Quels sont les principaux problèmes récurrents ?
Les principaux problèmes récurrents auxquels MÉDECINS EN DIFFICULTÉ est confronté lors d’une demande formulée par un médecin en détresse et auquel il n’est tout simplement pas possible de proposer une solution adéquate ?
- Le manque de médecins dans certaines régions ou spécialisations : ce problème entraîne une surcharge de travail auprès des médecins concernés pour lesquels il n’est pas possible d’apporter directement une solution. En conséquence, le médecin demandeur ne voit pas d’autres solutions que de continuer à travailler jusqu’à ce qu’il s’effondre littéralement, ce qui aggrave encore une situation déjà extrême auprès des confrères restants. Attirer de nouveaux confrères dans ce genre de situation de travail précaire est extrêmement compliqué.

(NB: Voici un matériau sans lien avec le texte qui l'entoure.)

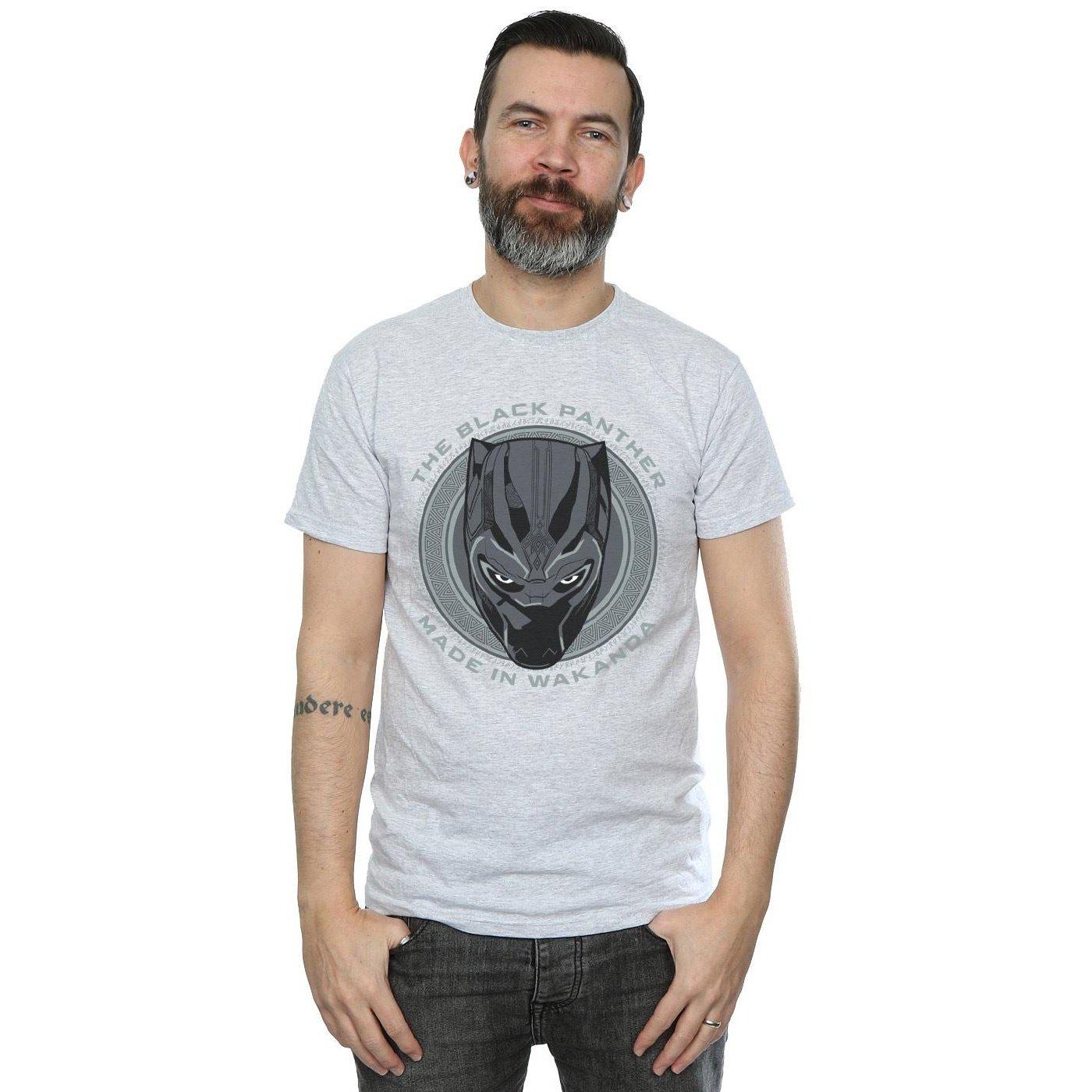 Black Panther Black Panther Made in Wakanda T-Shirt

- Autre problème lié au précédent : le manque de (pool de) médecins remplaçants qui peuvent reprendre le travail d’un confrère en cas d’arrêt temporaire dû à une maladie. De ce fait, l’inquiétude du médecin quant à la continuité des soins pour ses patients est perçue comme une importante charge psychique supplémentaire.
- Les répercussions financières considérables lors d’un arrêt (temporaire) pour un médecin : tous les médecins n’ont pas une assurance revenus garantis avec une couverture suffisante pour les problèmes psychiques. En cas de revenus garantis, ce montant est souvent insuffisant pour couvrir les dépenses courantes du médecin et de sa famille.

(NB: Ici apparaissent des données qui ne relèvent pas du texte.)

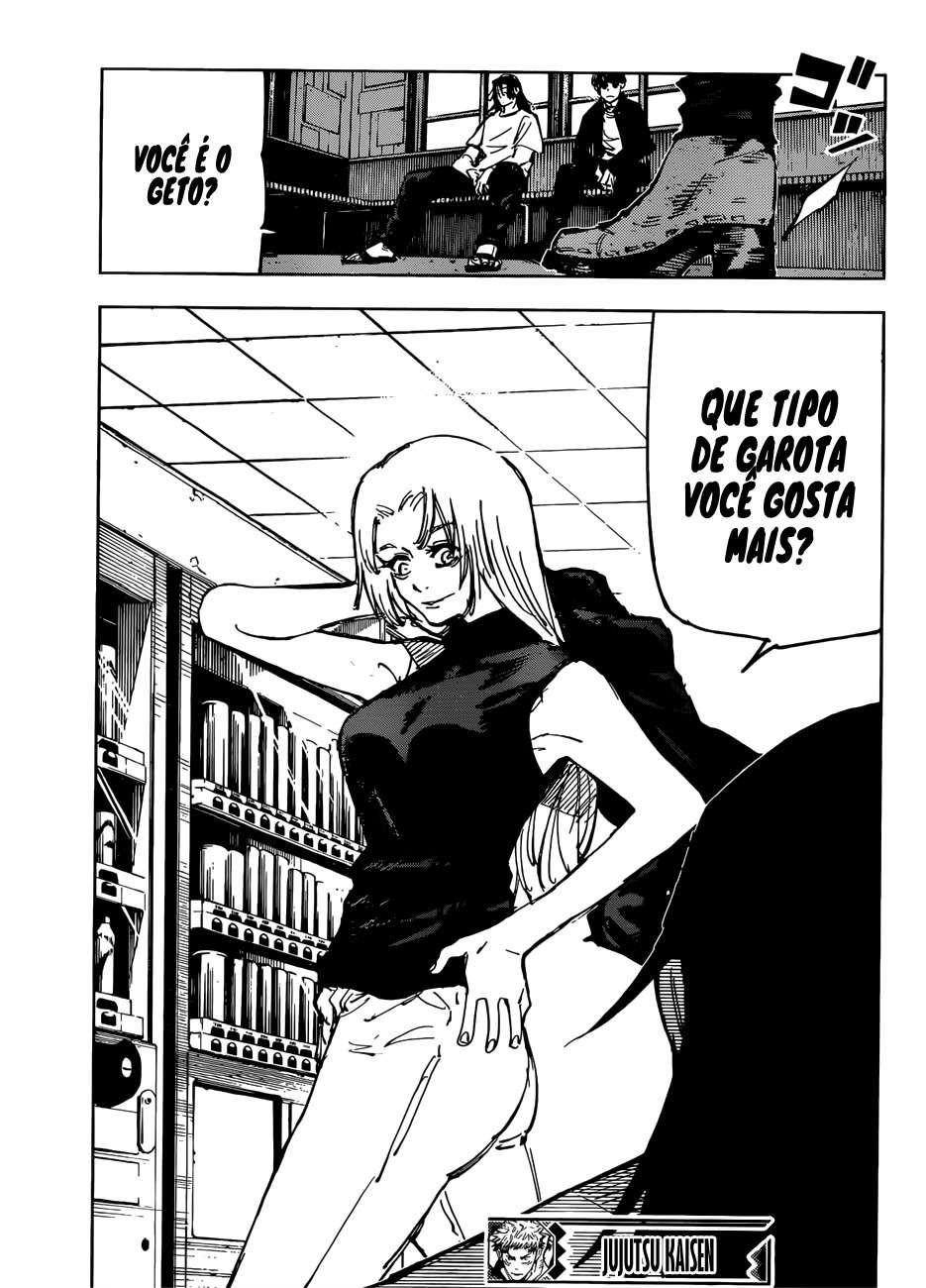 Read Jujutsu Kaisen Português Manga Online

- Les conflits au sein des associations en raison de visions différentes de l’équilibre professionnel-privé : les médecins plus jeunes essentiellement ne veulent pas que leur vie se limite au fait « d’ être médecin ».
- Les exigences et l’impatience d’un nombre croissant de patients qui veulent être servis au doigt et à l’oeil.
- La lourde charge qui pèse sur les médecins en formation/les stagiaires, le fait de ne pas savoir à qui ils peuvent s’adresser et la peur de discréditer leur avenir s’ils admettaient être dépassés. Les raisons mentionnées pour cette charge mentale et physique élevée sont notamment : le grand nombre de gardes sans récupération, le manque d’empathie de la part des médecins résidents, le manque de transmission des connaissances en raison de la charge de travail trop élevée des formateurs, les responsabilités trop lourdes parce qu’ ils sont engagés pour compenser le manque de personnel résident.
Dans un avenir proche, MÉDECINS EN DIFFICULTÉ souhaite poursuivre le travail de sensibilisation et de prévention.
Les GLEMs et les hôpitaux peuvent faire appel à MÉDECINS EN DIFFICULTÉ pour donner des présentations sur le projet ou sur le burn-out (la prévention du burn-out). Il a été décidé avec les doyens des facultés de médecine de créer un groupe de travail qui formulera des propositions visant notamment à aborder de façon plus approfondie dans la formation les ‘soins personnels’, la ‘connaissance de soi’ et le ‘bien-être’ des étudiants en médecine.
De concert avec d’autres organisations de médecins, nous examinons comment unir nos forces dans un même but : favoriser le bien-être du médecin et lui rendre son droit aux soins personnels. Les premières étapes sont lancées, mais la route est encore longue. Heureusement, quasi tout le monde est aujourd’hui convaincu de la nécessité de s’engager sur cette voie.